ISOLAMENTO, RESILIENZA E SALUTE MENTALE – Il convegno accenderà i riflettori anche sulla salute mentale delle persone che «nei prossimi decenni vivranno e lavoreranno in orbita o in basi permanenti sulla superficie lunare», conferma la ricercatrice psicologa della NASA, Bettina Beard. «Per proteggersi dalle radiazioni, dalla polvere lunare e dai meteoriti, dovranno vivere in rifugi sigillati, isolati da amici e familiari che resteranno sulla Terra». Per questo «è necessario che si forniscano programmi di formazione che possano aiutare a sviluppare resilienza e capacità di comunicazione interpersonale.

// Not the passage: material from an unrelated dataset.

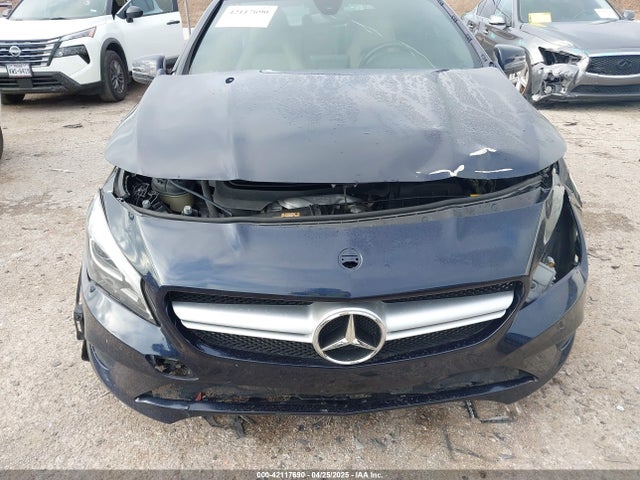 Mercedes-Benz CLA 250 2018 WDDSJ4EB4JN637135 Image 6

Queste persone avranno anche bisogno di formazione per imparare a riconoscere i primi segnali di malessere, depressione, perdita di interesse o ansia nei loro colleghi».
LE QUESTIONI ETICHE APERTE – Gli esperti al convegno si confronteranno infine sulle numerose questioni etiche che accompagnano la realizzazione di una nuova civiltà spaziale.
«Per evitare l’estinzione dovremo trovare un nuovo Pianeta da abitare, forse addirittura un nuovo sistema solare», spiega Christopher Mason, docente di fisiologia e biofisica alla Weill Cornell Medicine di New York. «Abbiamo il dovere morale di farlo, essendo l’unica specie consapevole che la vita è a rischio di estinzione. Abbiamo la responsabilità di agire come dei “pastori di vita”, non solo per la nostra specie ma per tutte quelle da cui dipendiamo e per quelle che verranno».
Probabilmente dovremo reinventare la vita, o meglio ingegnerizzarla affinché possa resistere nello spazio con radiazioni e temperature estreme, come osserva Brent Sherwood, vice presidente della azienda spaziale privata Blue Origin. «Potremmo immaginare un futuro post-umano in cui i nostri discendenti insediati nello spazio deriveranno filogeneticamente da noi ma non saranno come noi». In questa futura civiltà ai confini della fantascienza, le tecnologie usate per garantire la salute e la sicurezza delle persone potrebbero tra l’altro diventare un invasivo strumento di controllo di massa. Secondo Konrad Szocik, professore di scienze sociali all’Università di Resovia in Polonia, le donne potranno essere particolarmente a rischio, perché controllare loro significherà controllare la riproduzione nello spazio e dunque la sopravvivenza dell’umanità.